TASK TO COMPLETE: In your copy of the data, include no pictures and alter nothing else.

DATASET EXCERPT:
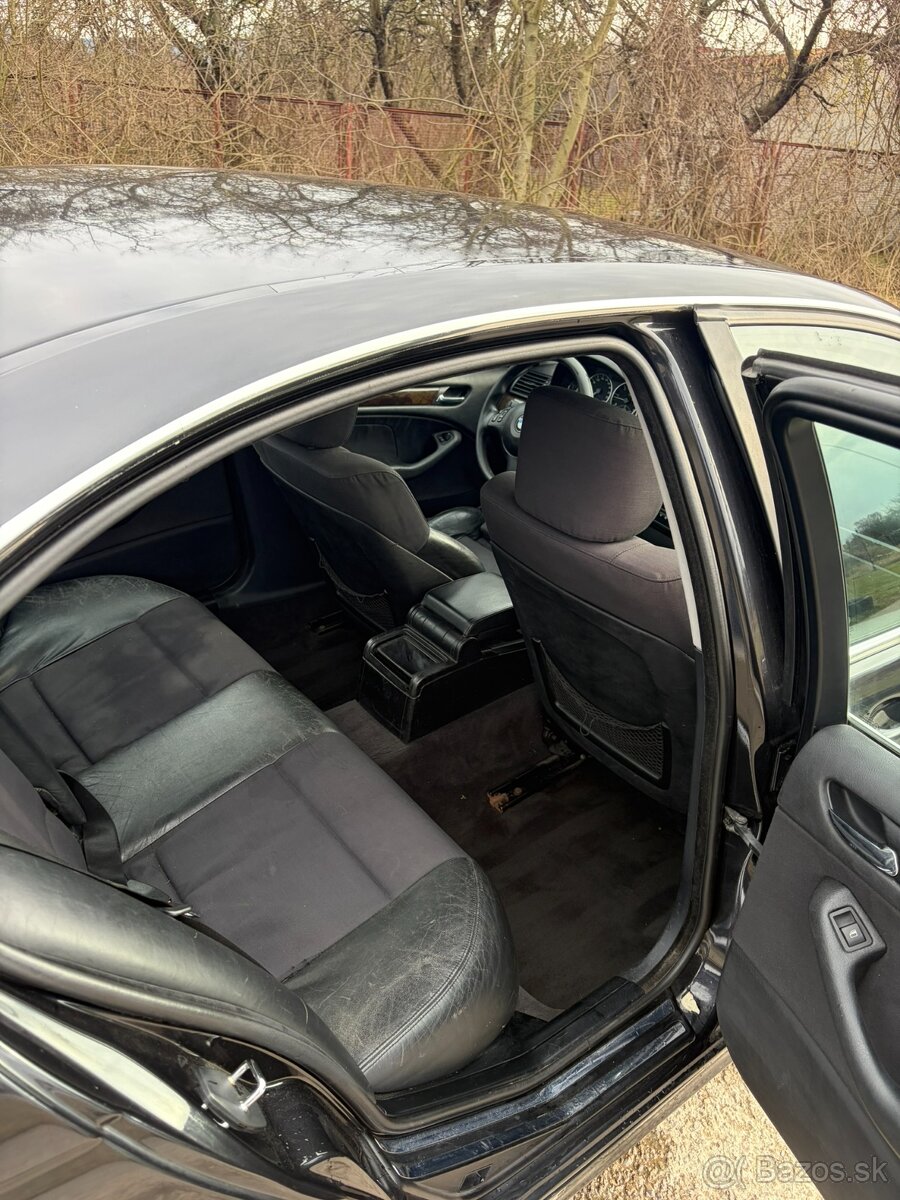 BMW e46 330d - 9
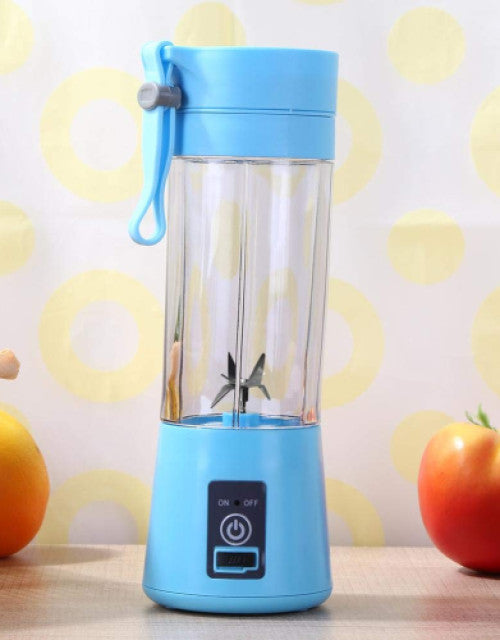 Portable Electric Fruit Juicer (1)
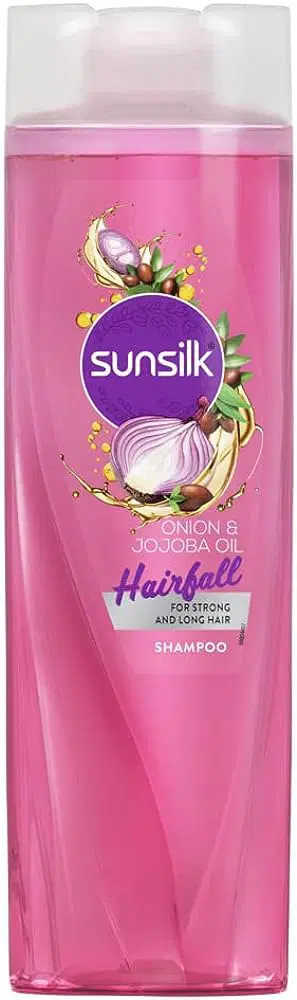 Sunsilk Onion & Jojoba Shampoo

WRITTEN SOLUTION:
 BMW e46 330d - 9
 Portable Electric Fruit Juicer (1)
 Sunsilk Onion & Jojoba Shampoo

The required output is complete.